O ano é 2003, vésperas da invasão do Iraque, e está-se a norte, na fronteira entre aquele país e a Turquia, ou seja, em pleno Curdistão, perto de uma aldeia e de um campo de refugiados. Toda a gente na aldeia sabe que os Americanos vão invadir o Iraque, é questão de horas ou dias. No fim, já depois de se ter visto na televisão a estátua de Saddam em Bagdade a ser derrubada, e de um miúdo ter oferecido a outro um braço de uma estátua semelhante destruida algures nas redondezas, vêem-se finalmente os americanos, soldados, jipes, tanques.

Acabamos numa estrada, com um miúdo sozinho e parado enquanto por trás dele passam tanques atrás de tanques, e por cima dele aviões atrás de aviões - uma chinfrineira dos diabos, num plano longo e fixo, um daqueles planos "insuportáveis" como hoje já só praticamente os cineastas iranianos têm coragem de fazer (e é o plano mais extraordinário do filme, caso não se perceba o sentido que quisemos dar à sua "insuportabilidade").

Acaba, portanto, em nota angustadíssima o filme de Bahman Ghobadi. Mas é tudo o que sabemos - que o filme trabalhou, desde o princípio, numa zona de angústia e ansiedade, sempre em crescendo. O que o filme diz, neste caso sobre a invasão do Iraque, ou sobre o destino dos curdos, não sabemos. Ou porque os cineastas iranianos (vide Kiarostami, o mais conhecido de todos) são mestres na arte da "encriptação" ou porque encaram o "sentido" com uma prioridade diferente da dos seus colegas europeus e americanos. O que sabemos, ou aquilo em que o filme nos faz acreditar, é que "As Tartarugas Também Voam" conduz a uma espécie de fim do mundo, a um pequeno apocalipse - de resto, um tema recorrente no cinema do Irão ("O Sabor da Cereja", ou o mais desconhecido "A Chave", de Ibrahim Fourouzesh). E que esse fim do mundo, expresso no derradeiro plano, não é a invasão americana (mesmo que ela sirva para o sinalizar, ou melhor, que ela traga os ingredientes, os carros e os ruidos, para essa sinalização).

É o tom de todo o filme, de resto.
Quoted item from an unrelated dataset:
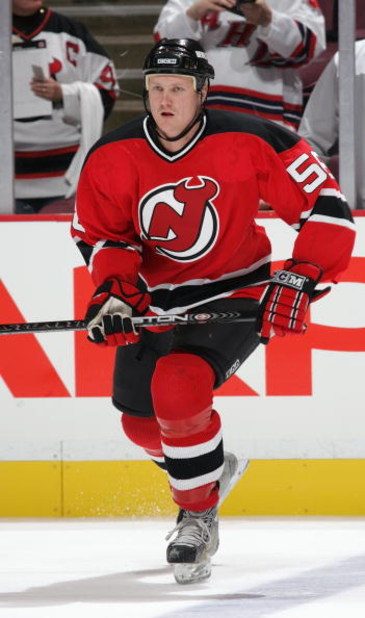 EAST RUTHERFORD, NJ - SEPTEMBER 25:  Ilkka Pikkarainen #58 of the New Jersey Devils skates during warm up prior to a preseason game against the New York Islanders at the Continental Airlines Arena on September 25, 2005 in East Rutherford, New Jersey. The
Como uma alegoria incompleta, uma alegoria sem sentido, um manto que se limita a cobrir o quotidiano com um negrume tenso sem nunca o explicar. Sabemos que para a ansiedade das personagens, daquele grupo de miudos sempre a correr para aqui e para ali, todas as justificações narrativas são curtas - como se algo muito maior que eles, muito maior que o Iraque, muito maior que os americanos, o envolvesse e os conduzisse. O diabo, provavelmente, com licença de M. Bresson que talvez nem desdenhasse os prodigiosos "modelos" que Bahman Ghobadi foi desencantar, um grupo de garotos que também lembra (embora sem conflitos passionais) a "gravitas" pesadíssima dos miúdos de "Aniki Bobó" (Oliveira). E visto que só o diabo saberá o que se passa, resta-nos aguentar as cenas e as situações de Ghobadi, no limite de um crueldade "realista-mitológica" - a explosão da mina, a mãe-suicida, o miudo sem braços que mergulha no rio para salvar outro. Seco, duro, à beira da insuportabilidade, "As Tartarugas Também Voam" é mais uma peça para alimentar o mistério do cinema iraniano, o único verdadeiro grande mistério de todo o cinema contemporâneo.